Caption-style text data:
§ §

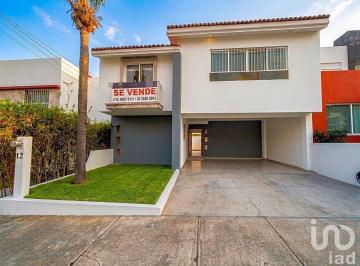 Casa · 303m² · 5 Recámaras · 2 Estacionamientos · Casa en Venta en Fraccionamiento Bosques de Santa Anita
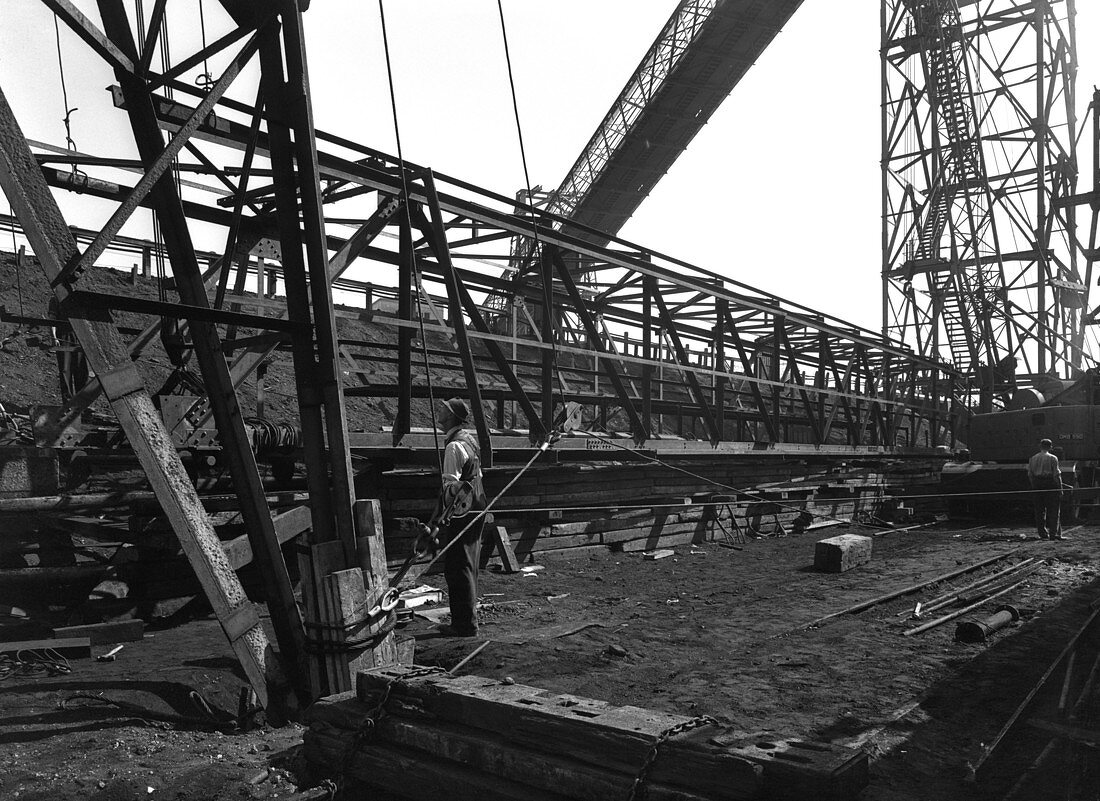 Lifting a conveyor bridge, 1956
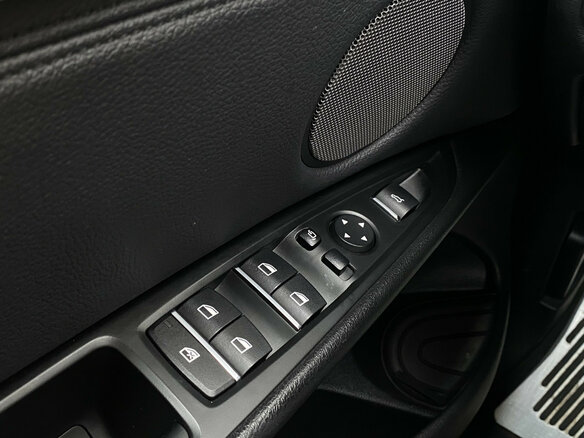 2016 BMW X6 30d II (F16), белый - вид 26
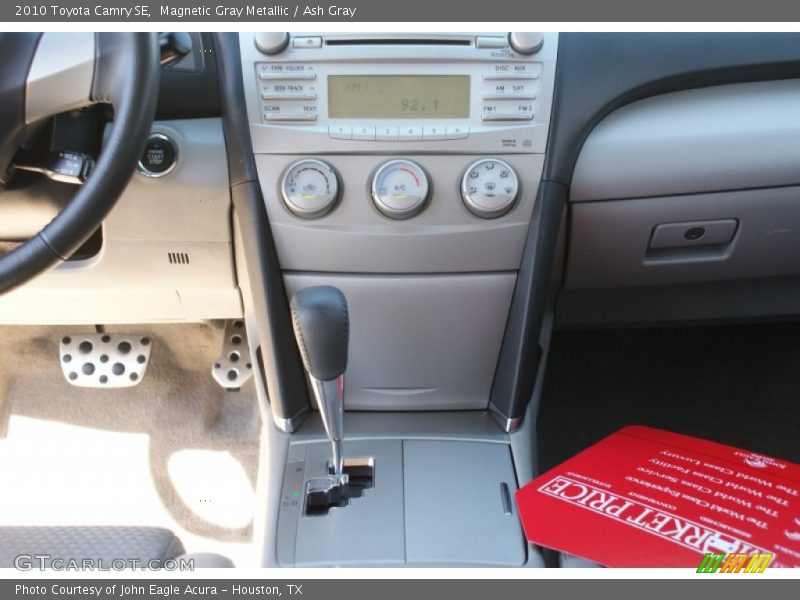Magnetic Gray Metallic / Ash Gray 2010 Toyota Camry SE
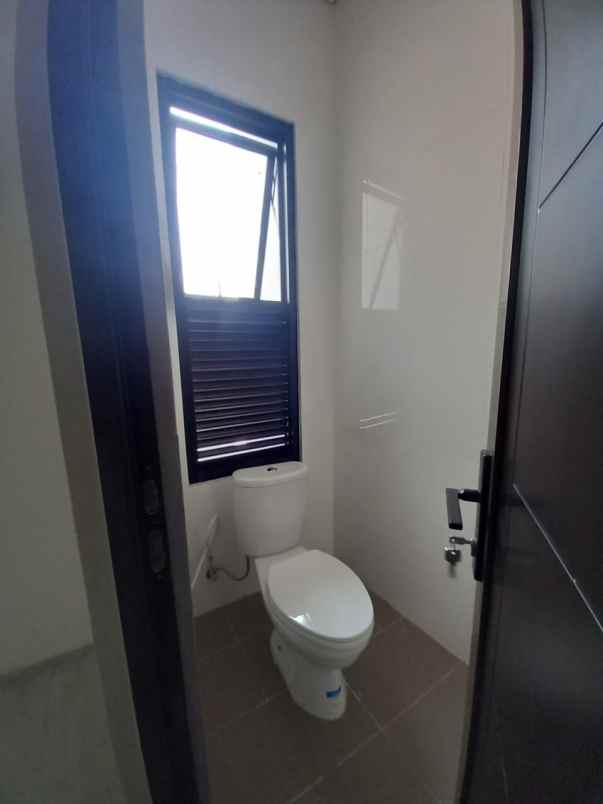 dijual rumah jl pondasi kayu putih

§ §

Write out exactly the lines from the one that contains "2016 BMW X6 30d II (F16), белый - вид 26" through the last line of the data above, both included. Leave every picture out.

**Response:**
 2016 BMW X6 30d II (F16), белый - вид 26
Magnetic Gray Metallic / Ash Gray 2010 Toyota Camry SE
 dijual rumah jl pondasi kayu putih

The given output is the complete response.